No-regret incentive-compatible online learning under exact truthfulness with non-myopic experts
Komiyama, Junpei, Mehta, Nishant A., Mortazavi, Ali
We study an online forecasting setting in which, over $T$ rounds, $N$ strategic experts each report a forecast to a mechanism, the mechanism selects one forecast, and then the outcome is revealed. In any given round, each expert has a belief about the outcome, but the expert wishes to select its report so as to maximize the total number of times it is selected. The goal of the mechanism is to obtain low belief regret: the difference between its cumulative loss (based on its selected forecasts) and the cumulative loss of the best expert in hindsight (as measured by the experts' beliefs).
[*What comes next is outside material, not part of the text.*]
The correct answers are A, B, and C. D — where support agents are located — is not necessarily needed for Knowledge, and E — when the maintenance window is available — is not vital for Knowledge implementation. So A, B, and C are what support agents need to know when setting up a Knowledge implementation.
We consider exactly truthful mechanisms for non-myopic experts, meaning that truthfully reporting its belief strictly maximizes the expert's subjective probability of being selected in any future round. Even in the full-information setting, it is an open problem to obtain the first no-regret exactly truthful mechanism in this setting. We develop the first no-regret mechanism for this setting via an online extension of the Independent-Event Lotteries Forecasting Competition Mechanism (I-ELF). By viewing this online I-ELF as a novel instance of Follow the Perturbed Leader (FPL) with noise based on random walks with loss-dependent perturbations, we obtain $\tilde{O}(\sqrt{T N})$ regret. Our results are fueled by new tail bounds for Poisson binomial random variables that we develop. We extend our results to the bandit setting, where we give an exactly truthful mechanism obtaining $\tilde{O}(T^{2/3} N^{1/3})$ regret; this is the first no-regret result even among approximately truthful mechanisms.